Abstract Wood has a large number of hydrophilic groups and pore structures, with strong moisture and water absorption abilities, and is prone to problems such as deformation, cracking, and discoloration. In order to improve this phenomenon, surface modification of wood has always been a hot topic in wood science research. To address the problem of poor water resistance of wood, the organic-inorganic hybrid superhydrophobic layer was constructed bionically on wood substrate by dipping coating method or spraying method based on the principle of lotus leaf effect, using inorganic fillers such as nano-silica/organosilicone oil and transparent polymer of water-based acrylic varnish as organic matrix. In this study, monodisperse nanometer-sized SiO2 microspheres were prepared via the Stöber method and the wood surface was modified by self-assembly of a solution. Then, the prepared modified nanoparticles SiO2/PDMS mixture solution was alternately and cyclically coated on the surface of the wood to obtain SiO2/PDMS in situ organic-inorganic hybrid modified wood samples. The results showed that the porous structure of the white wax wood surface was fully covered by SiO2/PDMS in situ organic-inorganic hybrid coating polymer after coating, forming a dense protective layer.

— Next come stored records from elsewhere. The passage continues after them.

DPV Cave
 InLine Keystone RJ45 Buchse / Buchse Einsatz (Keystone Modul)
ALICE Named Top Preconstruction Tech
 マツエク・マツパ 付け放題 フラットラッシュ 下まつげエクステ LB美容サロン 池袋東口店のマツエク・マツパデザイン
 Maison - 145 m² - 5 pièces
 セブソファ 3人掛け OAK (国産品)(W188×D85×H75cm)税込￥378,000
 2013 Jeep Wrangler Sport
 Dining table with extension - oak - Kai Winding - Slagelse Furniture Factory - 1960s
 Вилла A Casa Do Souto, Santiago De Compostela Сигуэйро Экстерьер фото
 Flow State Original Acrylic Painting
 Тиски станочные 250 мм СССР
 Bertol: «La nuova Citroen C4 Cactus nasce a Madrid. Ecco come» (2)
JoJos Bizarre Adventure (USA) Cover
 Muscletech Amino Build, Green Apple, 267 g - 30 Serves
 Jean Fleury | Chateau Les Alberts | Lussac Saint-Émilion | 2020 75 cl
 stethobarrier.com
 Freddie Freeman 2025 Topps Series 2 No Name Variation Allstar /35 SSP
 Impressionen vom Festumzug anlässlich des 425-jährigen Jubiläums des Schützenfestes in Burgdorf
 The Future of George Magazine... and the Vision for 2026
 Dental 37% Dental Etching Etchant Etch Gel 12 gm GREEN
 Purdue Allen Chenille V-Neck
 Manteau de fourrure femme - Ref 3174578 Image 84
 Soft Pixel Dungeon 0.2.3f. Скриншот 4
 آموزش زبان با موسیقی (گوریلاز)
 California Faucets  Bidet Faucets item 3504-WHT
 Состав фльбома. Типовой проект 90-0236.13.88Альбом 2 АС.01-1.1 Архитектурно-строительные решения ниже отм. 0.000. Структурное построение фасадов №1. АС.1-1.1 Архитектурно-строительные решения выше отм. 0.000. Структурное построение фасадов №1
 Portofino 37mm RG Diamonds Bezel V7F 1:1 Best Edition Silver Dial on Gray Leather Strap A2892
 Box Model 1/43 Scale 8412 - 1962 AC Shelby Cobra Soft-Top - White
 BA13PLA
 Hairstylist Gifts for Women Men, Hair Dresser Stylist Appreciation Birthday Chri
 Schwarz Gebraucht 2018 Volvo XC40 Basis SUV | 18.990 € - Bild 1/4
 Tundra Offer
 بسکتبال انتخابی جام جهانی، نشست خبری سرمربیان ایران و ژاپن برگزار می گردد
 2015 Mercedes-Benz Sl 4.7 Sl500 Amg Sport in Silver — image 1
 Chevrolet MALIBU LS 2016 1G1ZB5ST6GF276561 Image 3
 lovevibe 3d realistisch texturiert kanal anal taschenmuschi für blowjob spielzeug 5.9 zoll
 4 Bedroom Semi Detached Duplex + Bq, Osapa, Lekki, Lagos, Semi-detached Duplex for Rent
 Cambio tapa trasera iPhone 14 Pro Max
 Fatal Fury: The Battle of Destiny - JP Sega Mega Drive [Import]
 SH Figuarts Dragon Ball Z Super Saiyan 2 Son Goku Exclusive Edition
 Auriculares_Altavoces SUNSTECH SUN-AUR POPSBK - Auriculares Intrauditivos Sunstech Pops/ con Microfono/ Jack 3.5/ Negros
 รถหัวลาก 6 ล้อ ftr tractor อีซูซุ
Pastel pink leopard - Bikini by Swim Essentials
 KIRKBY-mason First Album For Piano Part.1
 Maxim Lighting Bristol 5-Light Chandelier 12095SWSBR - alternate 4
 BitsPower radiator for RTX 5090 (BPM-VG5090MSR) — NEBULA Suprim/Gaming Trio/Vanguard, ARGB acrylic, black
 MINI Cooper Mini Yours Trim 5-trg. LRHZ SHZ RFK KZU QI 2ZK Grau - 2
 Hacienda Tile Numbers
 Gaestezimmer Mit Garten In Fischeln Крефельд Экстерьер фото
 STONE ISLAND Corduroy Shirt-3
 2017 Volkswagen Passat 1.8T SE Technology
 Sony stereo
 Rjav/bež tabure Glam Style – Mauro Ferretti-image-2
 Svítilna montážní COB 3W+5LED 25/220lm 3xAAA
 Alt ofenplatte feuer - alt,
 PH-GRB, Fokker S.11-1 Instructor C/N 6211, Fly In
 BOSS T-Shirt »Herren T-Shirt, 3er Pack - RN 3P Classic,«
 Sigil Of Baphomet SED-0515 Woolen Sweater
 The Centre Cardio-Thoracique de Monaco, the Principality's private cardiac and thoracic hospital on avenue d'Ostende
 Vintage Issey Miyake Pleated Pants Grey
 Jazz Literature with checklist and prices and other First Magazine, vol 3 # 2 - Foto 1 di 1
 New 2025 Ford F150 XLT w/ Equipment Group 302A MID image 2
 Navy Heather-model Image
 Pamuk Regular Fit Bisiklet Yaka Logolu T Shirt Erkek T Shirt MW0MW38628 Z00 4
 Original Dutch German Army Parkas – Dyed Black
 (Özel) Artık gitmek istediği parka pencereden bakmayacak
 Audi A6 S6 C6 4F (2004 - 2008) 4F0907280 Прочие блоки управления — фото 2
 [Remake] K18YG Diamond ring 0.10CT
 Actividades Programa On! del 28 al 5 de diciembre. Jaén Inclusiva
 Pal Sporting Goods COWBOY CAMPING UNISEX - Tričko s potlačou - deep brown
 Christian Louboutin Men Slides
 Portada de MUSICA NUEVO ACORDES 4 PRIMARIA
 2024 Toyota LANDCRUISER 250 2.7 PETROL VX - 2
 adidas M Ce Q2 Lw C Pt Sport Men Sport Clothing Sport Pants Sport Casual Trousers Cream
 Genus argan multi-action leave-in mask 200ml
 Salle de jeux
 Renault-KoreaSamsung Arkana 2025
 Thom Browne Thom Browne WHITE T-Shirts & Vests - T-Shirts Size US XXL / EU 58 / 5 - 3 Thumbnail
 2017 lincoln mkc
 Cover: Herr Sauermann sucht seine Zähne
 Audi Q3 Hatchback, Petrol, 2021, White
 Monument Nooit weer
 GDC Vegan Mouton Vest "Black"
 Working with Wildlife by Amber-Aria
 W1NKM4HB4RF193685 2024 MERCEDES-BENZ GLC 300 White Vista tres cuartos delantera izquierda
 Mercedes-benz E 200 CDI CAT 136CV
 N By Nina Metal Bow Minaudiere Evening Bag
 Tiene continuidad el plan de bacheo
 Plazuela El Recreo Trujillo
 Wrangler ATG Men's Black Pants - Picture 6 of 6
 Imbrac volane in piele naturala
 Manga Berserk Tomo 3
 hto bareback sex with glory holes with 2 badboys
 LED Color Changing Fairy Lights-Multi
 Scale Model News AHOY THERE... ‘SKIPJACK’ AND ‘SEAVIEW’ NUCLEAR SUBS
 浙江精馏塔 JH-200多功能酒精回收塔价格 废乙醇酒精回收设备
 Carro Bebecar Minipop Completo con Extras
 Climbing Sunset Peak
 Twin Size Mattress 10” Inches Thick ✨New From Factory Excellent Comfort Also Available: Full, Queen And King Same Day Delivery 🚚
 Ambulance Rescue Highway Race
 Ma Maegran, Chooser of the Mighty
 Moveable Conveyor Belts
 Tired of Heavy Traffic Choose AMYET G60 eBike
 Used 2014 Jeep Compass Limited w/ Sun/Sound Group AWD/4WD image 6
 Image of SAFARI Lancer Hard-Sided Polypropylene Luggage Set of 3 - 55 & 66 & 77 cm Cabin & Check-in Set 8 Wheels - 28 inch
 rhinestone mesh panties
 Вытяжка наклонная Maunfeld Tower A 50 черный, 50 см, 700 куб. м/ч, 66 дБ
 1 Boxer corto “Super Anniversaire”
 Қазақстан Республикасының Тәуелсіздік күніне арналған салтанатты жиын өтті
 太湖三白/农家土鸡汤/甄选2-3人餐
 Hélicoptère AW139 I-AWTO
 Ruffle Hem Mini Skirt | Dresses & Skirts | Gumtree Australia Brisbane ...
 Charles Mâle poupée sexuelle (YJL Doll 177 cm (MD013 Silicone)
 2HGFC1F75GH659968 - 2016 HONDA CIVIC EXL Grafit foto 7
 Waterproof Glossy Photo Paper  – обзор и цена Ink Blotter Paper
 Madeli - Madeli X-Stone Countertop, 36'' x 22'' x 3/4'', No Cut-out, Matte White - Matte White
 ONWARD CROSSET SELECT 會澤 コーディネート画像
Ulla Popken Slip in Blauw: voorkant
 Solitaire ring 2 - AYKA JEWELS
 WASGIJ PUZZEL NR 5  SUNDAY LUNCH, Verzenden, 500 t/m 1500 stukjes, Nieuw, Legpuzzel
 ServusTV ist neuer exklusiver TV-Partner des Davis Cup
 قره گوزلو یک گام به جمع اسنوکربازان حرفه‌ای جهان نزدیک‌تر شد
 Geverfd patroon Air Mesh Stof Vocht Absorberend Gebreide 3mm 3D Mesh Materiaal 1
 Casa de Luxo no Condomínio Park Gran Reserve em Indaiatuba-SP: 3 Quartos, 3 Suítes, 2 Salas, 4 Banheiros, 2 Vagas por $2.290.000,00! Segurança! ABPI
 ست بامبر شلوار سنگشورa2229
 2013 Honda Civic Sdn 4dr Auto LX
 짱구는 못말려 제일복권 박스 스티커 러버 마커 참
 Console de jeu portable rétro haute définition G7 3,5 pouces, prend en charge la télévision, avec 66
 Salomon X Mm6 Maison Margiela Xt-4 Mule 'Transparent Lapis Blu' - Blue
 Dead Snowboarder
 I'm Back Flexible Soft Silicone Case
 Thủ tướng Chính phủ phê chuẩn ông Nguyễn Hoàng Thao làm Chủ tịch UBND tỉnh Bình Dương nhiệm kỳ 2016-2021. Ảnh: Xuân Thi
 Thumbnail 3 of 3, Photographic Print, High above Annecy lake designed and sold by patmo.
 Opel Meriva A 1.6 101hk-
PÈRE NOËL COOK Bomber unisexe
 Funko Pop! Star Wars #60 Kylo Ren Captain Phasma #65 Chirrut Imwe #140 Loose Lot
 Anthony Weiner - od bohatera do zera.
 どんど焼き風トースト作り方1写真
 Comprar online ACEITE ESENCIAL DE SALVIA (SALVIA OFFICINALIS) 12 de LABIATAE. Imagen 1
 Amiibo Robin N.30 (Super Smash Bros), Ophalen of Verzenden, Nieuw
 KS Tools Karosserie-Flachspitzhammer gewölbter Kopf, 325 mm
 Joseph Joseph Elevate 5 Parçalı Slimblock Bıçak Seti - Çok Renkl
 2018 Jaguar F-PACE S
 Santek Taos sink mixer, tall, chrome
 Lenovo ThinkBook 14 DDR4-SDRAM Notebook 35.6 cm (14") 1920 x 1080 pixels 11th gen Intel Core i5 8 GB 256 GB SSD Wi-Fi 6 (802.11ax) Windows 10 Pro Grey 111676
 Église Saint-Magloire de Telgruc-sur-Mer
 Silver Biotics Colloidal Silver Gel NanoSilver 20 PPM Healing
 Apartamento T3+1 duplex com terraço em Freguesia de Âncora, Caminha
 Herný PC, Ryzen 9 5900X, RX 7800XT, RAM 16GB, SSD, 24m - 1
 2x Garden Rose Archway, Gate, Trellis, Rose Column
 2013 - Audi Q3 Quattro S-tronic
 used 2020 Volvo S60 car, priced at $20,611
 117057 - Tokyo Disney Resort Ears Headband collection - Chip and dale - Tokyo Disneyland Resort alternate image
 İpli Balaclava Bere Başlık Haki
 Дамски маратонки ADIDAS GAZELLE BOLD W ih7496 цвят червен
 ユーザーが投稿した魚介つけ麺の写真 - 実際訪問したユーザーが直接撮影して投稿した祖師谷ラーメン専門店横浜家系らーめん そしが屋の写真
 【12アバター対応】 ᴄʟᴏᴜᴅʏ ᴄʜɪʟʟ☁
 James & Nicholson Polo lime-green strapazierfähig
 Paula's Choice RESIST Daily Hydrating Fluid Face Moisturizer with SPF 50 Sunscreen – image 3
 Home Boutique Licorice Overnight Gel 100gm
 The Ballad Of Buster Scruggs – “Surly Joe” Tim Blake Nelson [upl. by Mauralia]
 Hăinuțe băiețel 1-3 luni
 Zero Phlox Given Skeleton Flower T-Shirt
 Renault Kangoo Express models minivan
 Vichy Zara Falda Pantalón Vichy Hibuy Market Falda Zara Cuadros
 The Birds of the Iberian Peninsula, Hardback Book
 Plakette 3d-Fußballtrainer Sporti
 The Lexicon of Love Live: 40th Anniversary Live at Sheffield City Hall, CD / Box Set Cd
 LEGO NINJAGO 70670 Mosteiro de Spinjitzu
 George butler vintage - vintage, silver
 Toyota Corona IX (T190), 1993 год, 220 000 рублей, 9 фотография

SiO2/PDMS in situ organic-inorganic hybrid modified wood samples not only did not change the original color and texture of the white wax wood material, but also had a contact angle greater than 150° for the surfaces of 7 common droplets (deionized water, tea, cola, juice, vinegar, ink, red wine), indicating that introducing a SiO2/PDMS organic-inorganic hybrid coating to modify the wood surface can endow the wood with good superhydrophobic properties. This is mainly because the hydroxyl groups in the SiO2/PDMS in situ organic-inorganic hybrid coating deposited on the wood surface are combined with the hydroxyl groups on the wood surface, reducing the number of hydroxyl groups on the surface. In addition, the presence of long-chain fluorinated polymers also increases the hydrophobicity of the wood surface.